To give you an example, imagine the works of Jules Verne and H.G. Wells, including The Time Machine and 20,000 Leagues Under the Sea. More recently, I would classify Philip Pullman's Dark Materials trilogy in the Steampunk arena. By the way, if you haven't read the trilogy, they're excellent. If I've piqued your interest, and if you'd like more information, here's an excellent SITE that will enlighten you on more of the elements involved.

In many Steampunk novels, there is an inventor or a character who is obviously a genius in matters scientific, mechanical or chemical. This character may wind up being the protagonist or, just as easily, the villain of the story.
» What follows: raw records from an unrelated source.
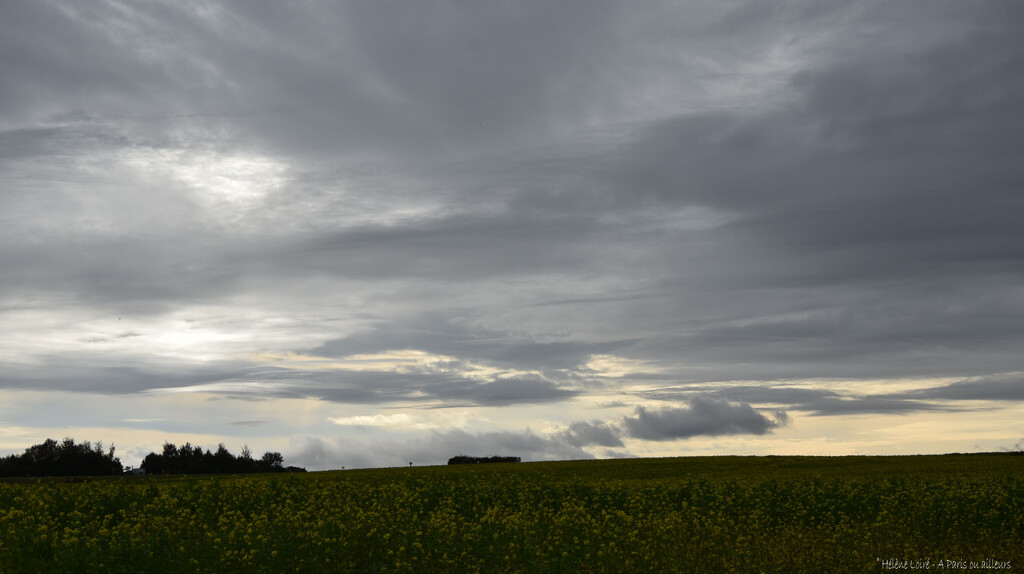 October by parisouailleurs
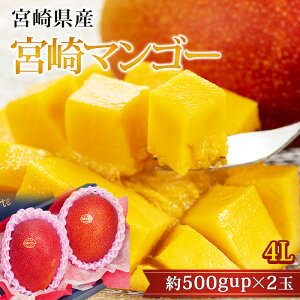 �}���S�[ ���n�{��}���S�[ 4L�T�C�Y 2�� �{�茧�Y �܂񂲁[ 䊉� ������ �t���[�c �ʕ� �M�t�g ���� �v���[���g �Y���v���~�A��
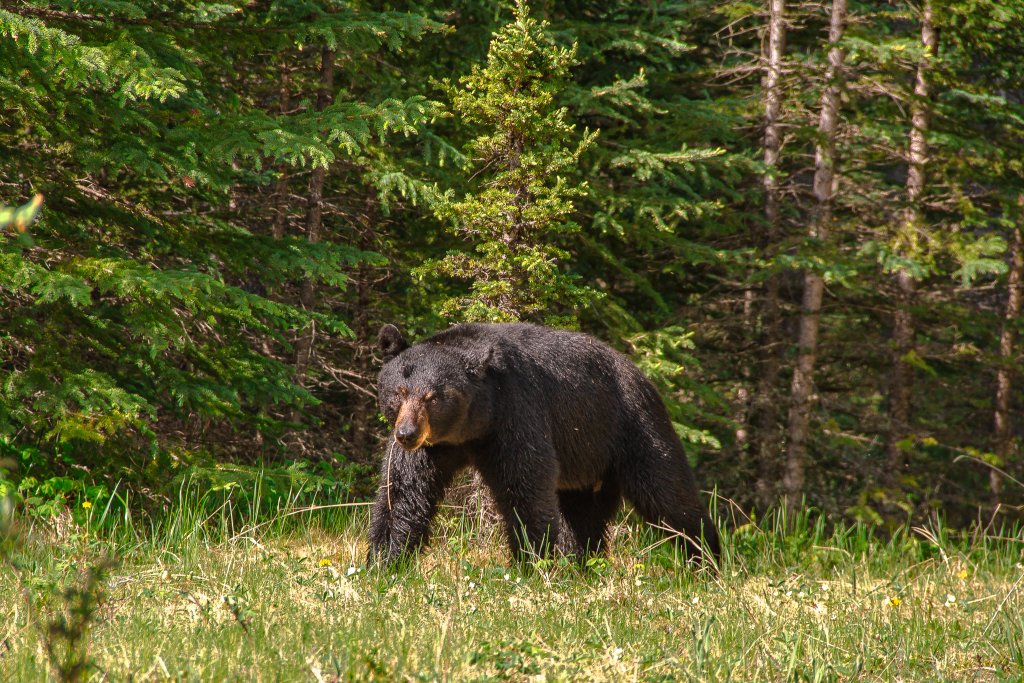 A black bear moves through foliage in Idaho.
I find it of great interest, and I'm thinking about trying my hand at it.

How about you? Have you read any recent Steampunk novels? Are you writing one now? Please feel free to leave a comment and let us know what you're up to.


In less than 24 hours, over 100,000 writers will begin the journey known as NanoWrimo, a.k.a. National Novel Writing Month. It takes guts to commit to this undertaking. Will you be a part of it?

If you've always known that you have the Great American Novel inside you, this is your opportunity to let it out for the world to see. Except for the stress you may encounter trying to come up with a story, characters, a plot, etc., it costs you nothing. There is no charge, other than the drain it will create on your creative juices. But you've got plenty of those, right? All you have to do to be a winner is to come up with 50,000 words that contain the great story you know you have inside your head. Piece of cake, right?

And there's help along the way including writing groups, discouragment counselors, and people who feel your pain because they're going through the same thing. Misery loves company, right? Right!

So, what are you waiting for? If you've always wanted to write a book, this is your chance to do it along with thousands of others who have always had the same goal. To find out more, visit the NANOWRIMO site and get signed up. (It's free. Remember?) Then at midnight EDT on October 31, start hitting those computer keys and crank out those words that could lead you to publication. You never know what might happen. Createspace (from Amazon) also has a great prize of a published copy of your book if you succeed in writing those 50,000 words.